### TASK INSTRUCTIONS:
Copy, word for word, the lines of the entries below between the one with "Niforeika Beach Hotel" and the one with "Sofia, proteste davanti al parlamento", inclusive, and leave out everything else.

BEGIN ENTRIES PROVIDED

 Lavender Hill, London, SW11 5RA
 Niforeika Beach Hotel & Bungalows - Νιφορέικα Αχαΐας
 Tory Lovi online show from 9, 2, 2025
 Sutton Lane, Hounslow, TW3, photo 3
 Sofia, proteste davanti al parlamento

END ENTRIES PROVIDED
BEGIN ENTRIES PROVIDED

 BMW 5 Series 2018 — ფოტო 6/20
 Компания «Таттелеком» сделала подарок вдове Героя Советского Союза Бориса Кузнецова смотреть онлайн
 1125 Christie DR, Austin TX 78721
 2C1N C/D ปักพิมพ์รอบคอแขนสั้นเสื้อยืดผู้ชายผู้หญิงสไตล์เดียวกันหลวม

END ENTRIES PROVIDED

### RESPONSE TO THE EXERCISE:
 Niforeika Beach Hotel & Bungalows - Νιφορέικα Αχαΐας
 Tory Lovi online show from 9, 2, 2025
 Sutton Lane, Hounslow, TW3, photo 3
 Sofia, proteste davanti al parlamento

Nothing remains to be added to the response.